• [Image-text web data]:

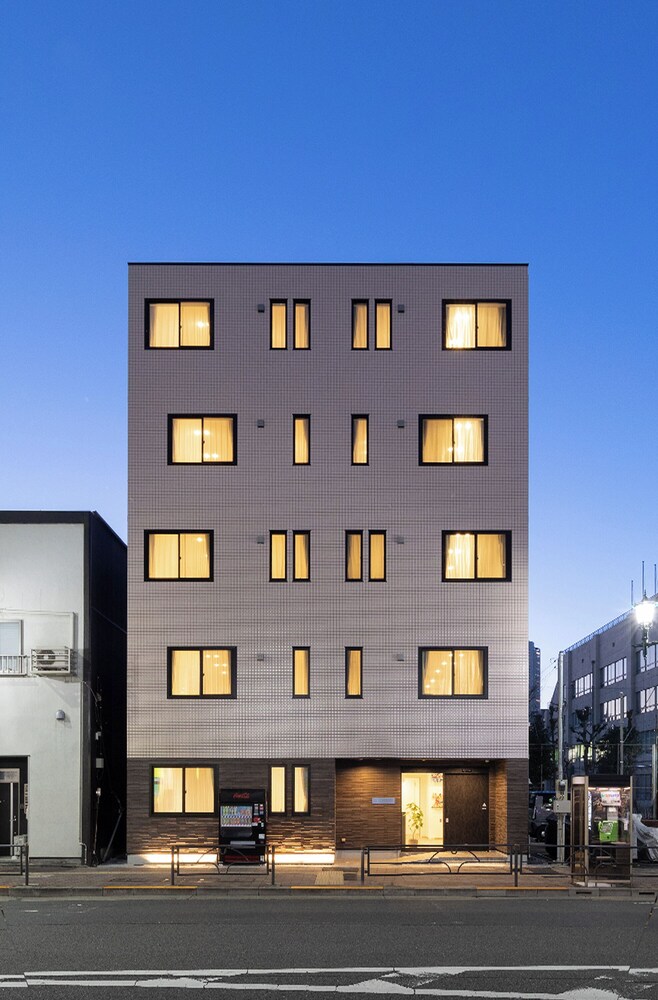 メインイメージ | Hotel Kototoi East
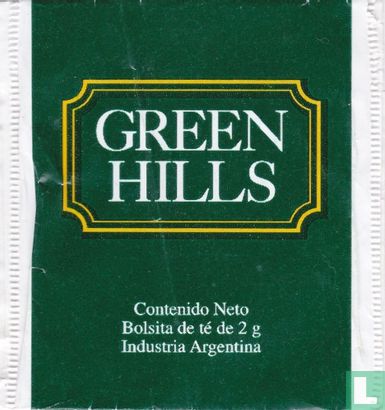 Green Hills - Image 1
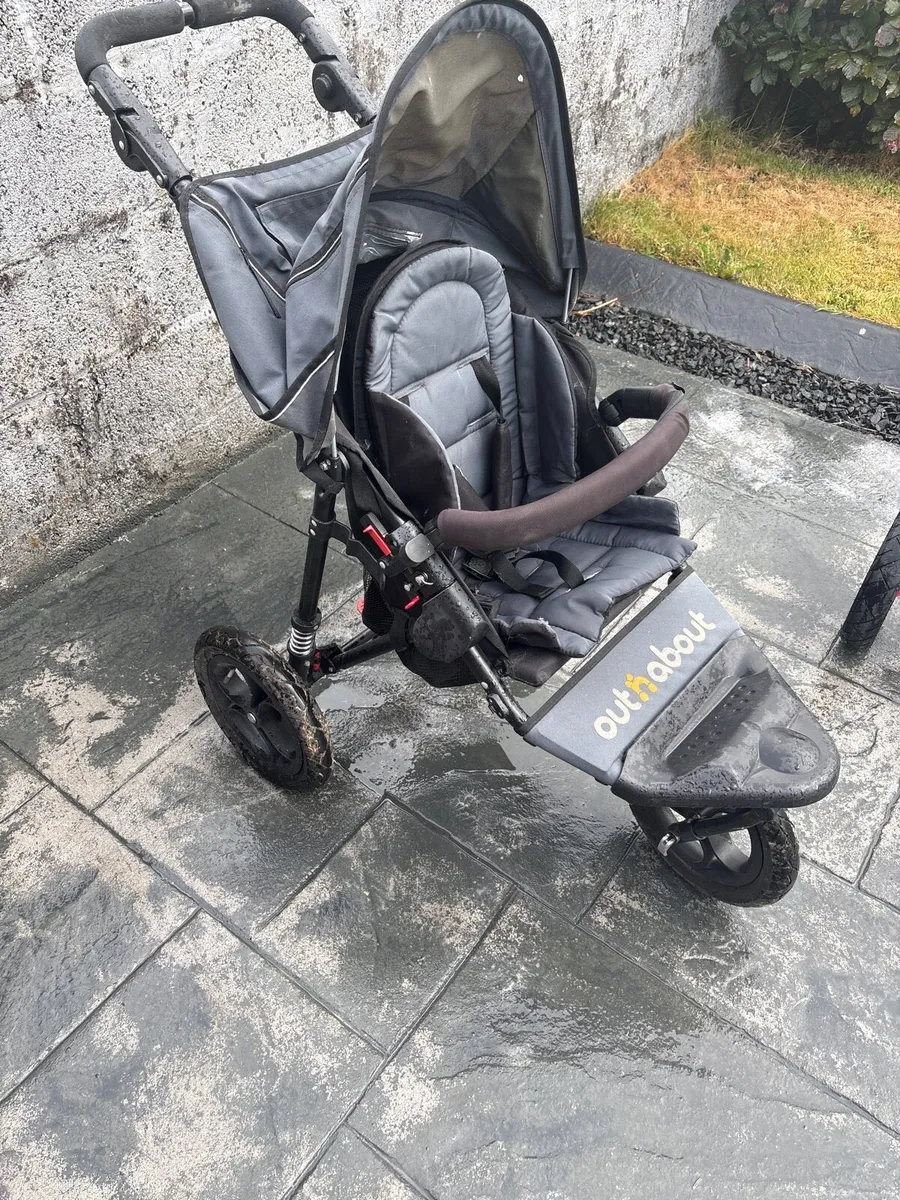 Buggy - Image 2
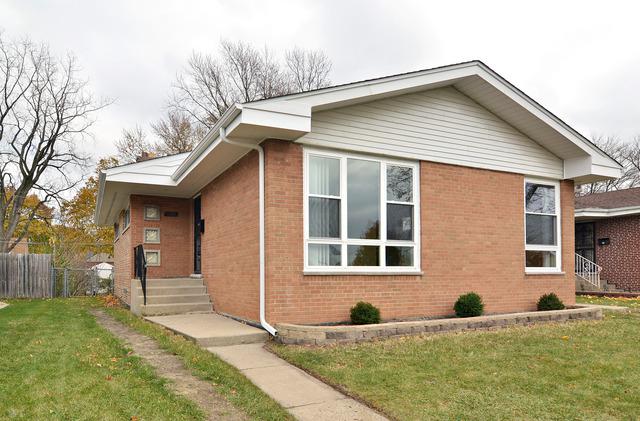 7237 N Keating Ave., Lincolnwood, IL 60712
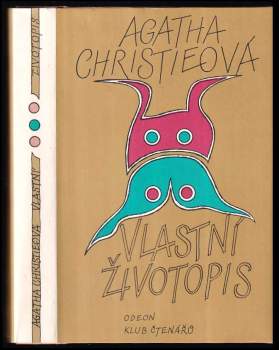 Vlastní životopis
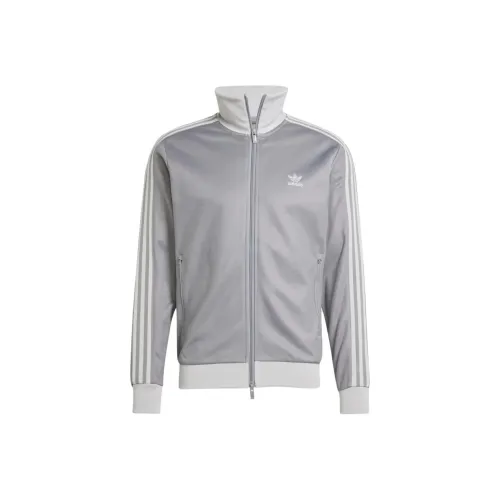 Adidas Originals Куртки и Пальто Мужские Серые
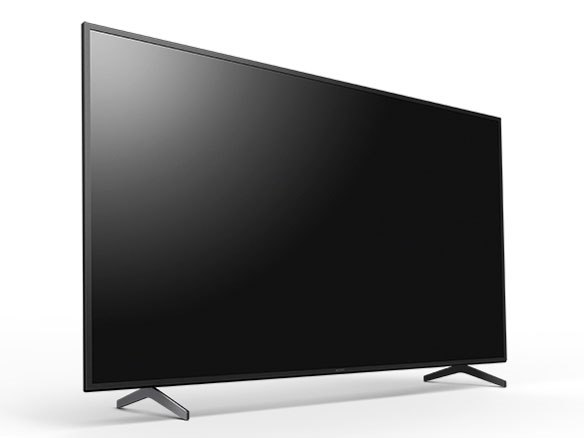 BRAVIA KJ-65X8000H [65インチ]の製品画像 - 価格.com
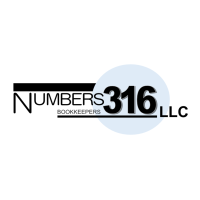 Numbers316 LLC Logo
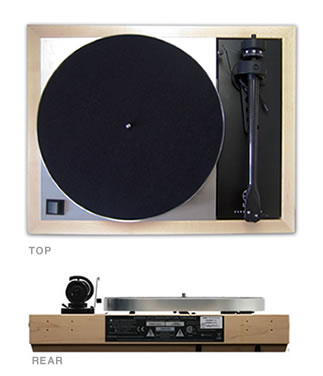 MAJIK LP12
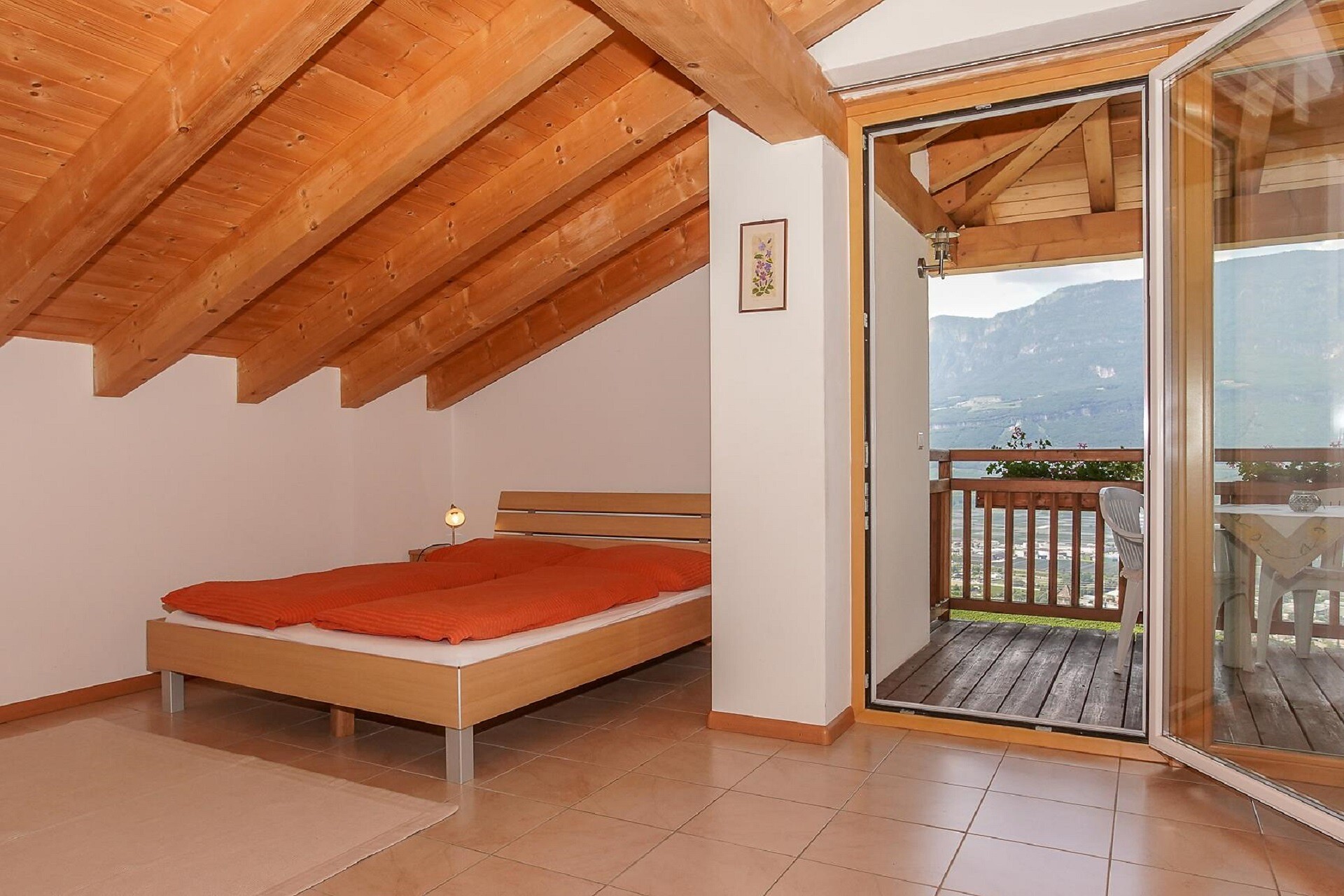 Ferienwohnung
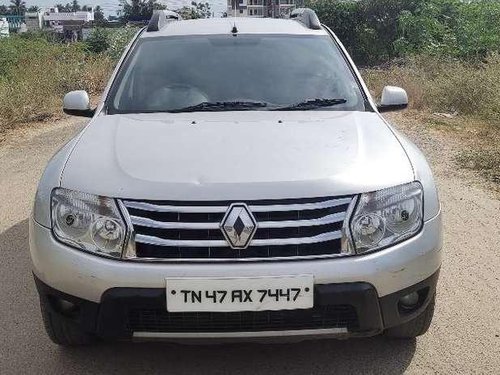 Used 2013 Renault Duster MT for sale in Dindigul 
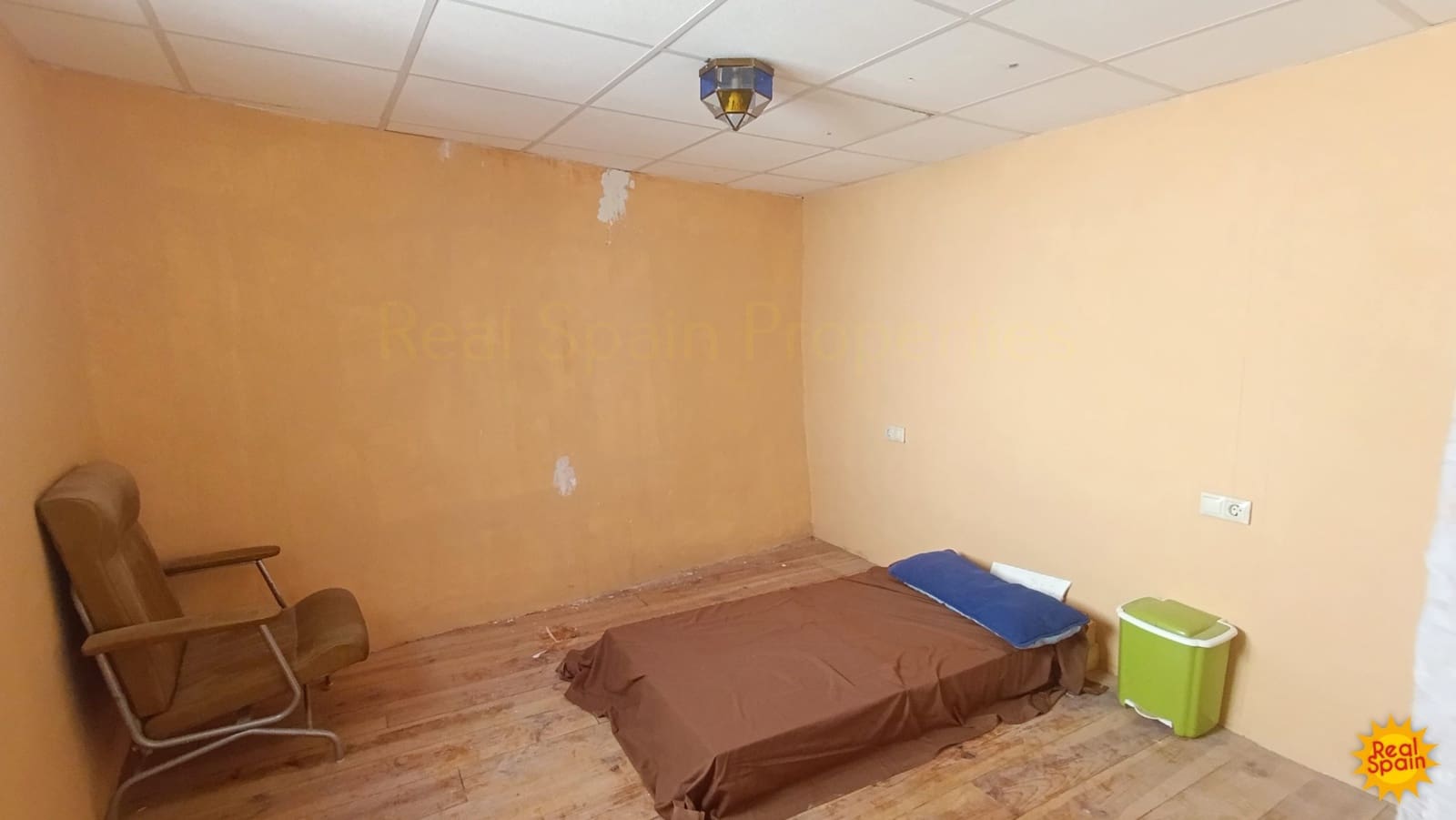 3 soveværelse Byhus til salg i Seron - € 35.000 (Ref: 8575428)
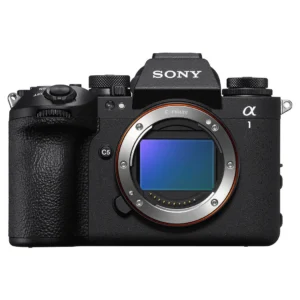 Sony A1 II body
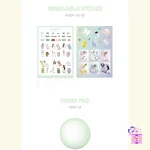 NMIXX - 2026 Season’s Greetings + Limited Photocard Set* (MIXX Dream) - Image 8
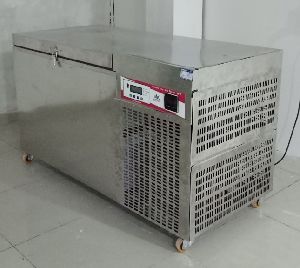 -80 Degree Celsius Deep Freezer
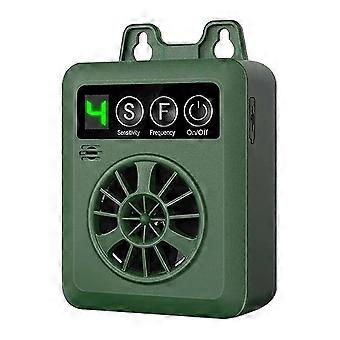 Anti Barking Device, Dog Barking Control Device, Rechargeable Ultra Dog Bark Deterrent Pet Training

• [WORK INSTRUCTIONS]: Using the entries above, reproduce word for word only the lines from the one that contains "BRAVIA KJ-65X8000H [65インチ]の製品画像 - 価格.com" to the one that contains "-80 Degree Celsius Deep Freezer", both ends included, and drop every picture.

• [ANSWER TO THE EXERCISE]:
 BRAVIA KJ-65X8000H [65インチ]の製品画像 - 価格.com
 Numbers316 LLC Logo
 MAJIK LP12
 Ferienwohnung
 Used 2013 Renault Duster MT for sale in Dindigul 
 3 soveværelse Byhus til salg i Seron - € 35.000 (Ref: 8575428)
 Sony A1 II body
 NMIXX - 2026 Season’s Greetings + Limited Photocard Set* (MIXX Dream) - Image 8
 -80 Degree Celsius Deep Freezer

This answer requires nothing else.